Over the last twenty years factoring and commercial finance has established itself as an important form of finance for corporates, particularly the SME community. The unique structure and risk attributes of factoring and other types of commercial finance make it possible for these products to be offered where other more traditional forms of finance are either inappropriate or not available. Combined with the dynamic nature of factoring and commercial finance, which is directly linked to the performance of the funded company, this makes these solutions increasingly important within the current economic climate.
The Factoring and Commercial Finance Industry has a proven track record in good risk management with a low “loss given default” ratio, even when financing SMEs who are generally considered as higher risk.
This unique aspect of the Factoring and Commercial Finance Industry offers a great potential advantage in terms of Risk Adjusted Capital Requirements as prescribed by the regulatory rules in Basel II. Factoring and Commercial Finance offer companies a flexible form of finance with the possibility of outsourcing credit and risk management, improving performance and quality, providing access to leading technology, and freeing up key resources for strategic developments. Factoring and Commercial Finance have proven to be consistent financial instruments which stimulate the growth and success of companies.
The potential for this market to grow and overcome many of the issues that currently exist in terms of small businesses funding is great. However there are still issues that hinder development.
The legal environment across Europe is very different and, amongst other things is a barrier to market development on a European scale – and this is just one example. With the creation of the EUF factoring associations across the EU have come together to join forces and combine resources to improve the availability of corporate finance and will hopefully surpass these obstacles.
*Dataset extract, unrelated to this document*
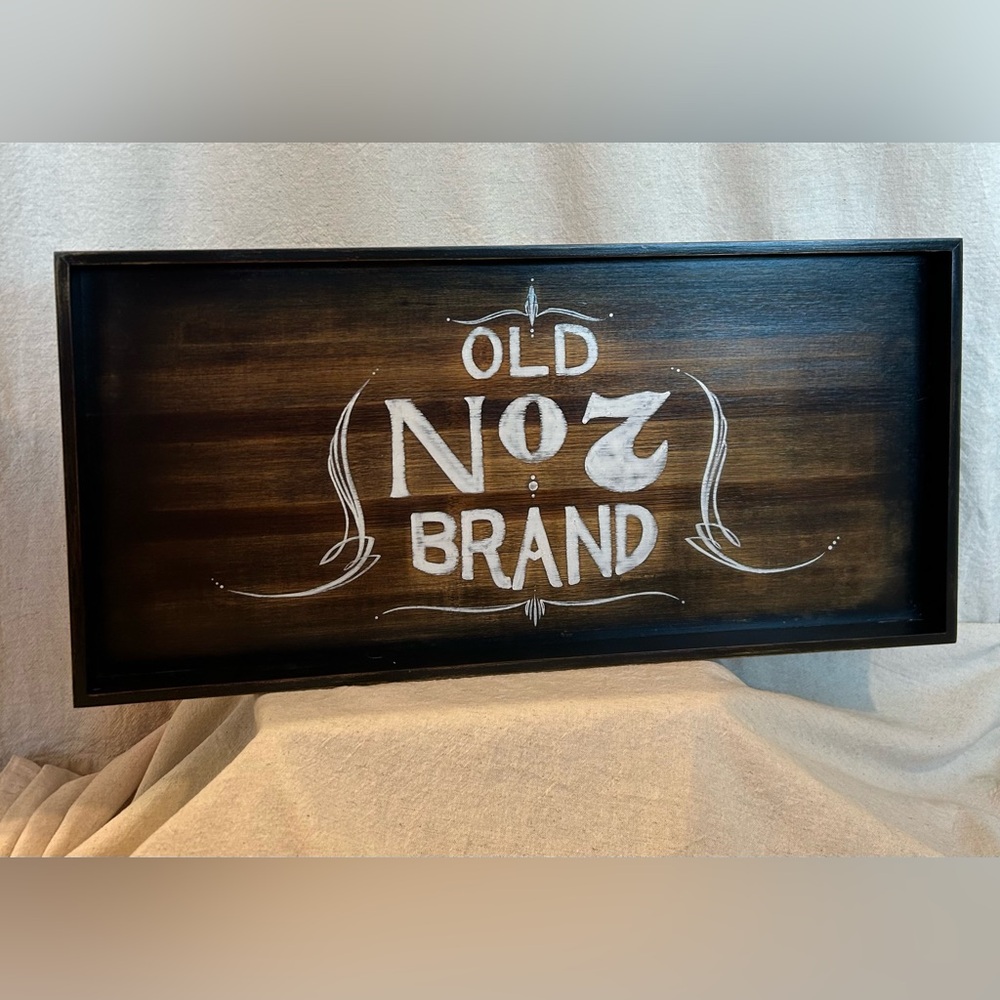 Vintage Wooden Sign with White Lettering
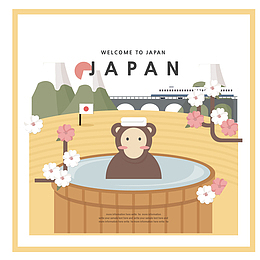 猴子泡澡矢量手绘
Factoring and Commercial Finance occupies a unique place in the world of finance. The global financial crisis of 2008, resulted in many companies, particularly SMEs, experiencing greater difficulty in obtaining traditional bank funding. Factoring and Commercial Finance Companies however are experiencing increasing levels of new business enquiries and are continuing to write more new business than ever before. The finance factoring companies provide is secured by the underlying receivables, or other assets. With a much reduced emphasis on the balance sheet a factor is able to provide significantly higher levels of finance to companies experiencing temporary difficulties or those experiencing liquidity problems as a result of strong growth.
It is therefore not a surprise that the Industry has become a key source of funding not just for SMEs but for larger corporates. Other examles include the funding of MBI and MBO transactions, M&As and Larger Corporates requiring further working capital for growth or diversification.